For the past 3 years, a team of archaeologists, architects and computer scientists have been laserscanning the underground network of burial chambers, tunnels and chapels carved out of the soft, volcanic tufa rock of Lazio.

The scanner, according to BBC News, “looks like a cylinder on a tripod, stands a metre or so high and is a piece of kit you usually find in the construction industry.”

Gone are the days when archaeologists just used shovels, brushes and sieves to unearth the past.

The scanner has been placed in hundreds of different locations in the Catacombs.

It turns slowly, sending out millions of light pulses that bounce off every surface they come into contact with. The light pulses rebound back into the scanner and are recorded on a computer as a series of white dots, known as a "point cloud".

Gradually, every wall, ceiling, and floor is bombarded with the dots, enabling the computer to build up a picture of each room.


All told, “four billion dots” were gathered, and on a computer screen, they coalesce into a digital 3D model of the necropolis: a filigreed network of subterranean voids that's not unlike the complex clustering of a Romanesque basilica and its companion buildings.

Catacombs of Rome


You can zoom in and zoom out, rotate about the axis, and render it with color. Perhaps you can record your scopic drive through this digitized world, as one would with Google Earth. Give it a soundtrack, and you've got yourself a YouTube music video.
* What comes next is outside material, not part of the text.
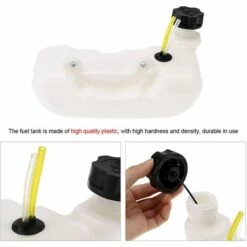 Réservoir De Carburant De Tondeuse, Macaron ，Accessoire Pièce Rechange Débroussailleuse Tondeuse à Gazon Accessoires Pompe à Eau Assemblage De Pot D'Huile Pour Coupe-Bordure CG430 520 43CC 52CC 47CC -Débroussailleuse Soldes Magasin 42741096 4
And maybe Radiohead would like to give it a go for a sequel to House of Cards.

Catacombs of Rome


One of the stated goals of the project is to study the paintings in the Domitilla catacombs: from the pagan images of the early 3rd century to the theologically fully developed Christian iconography of the late 4th century, and how this micro-history of early Christian art reflected the broader changes in late Roman society.

Catacombs of Rome


Now if only someone could make the laserscanner mobile (a spelunking Paranoid Android) and then send it roving through other labyrinths — other necropolises, ancient underground aqueducts, sewers, stormwater megatunnels, abandoned subway tunnels — kicking up an underground maelstrom of point clouds.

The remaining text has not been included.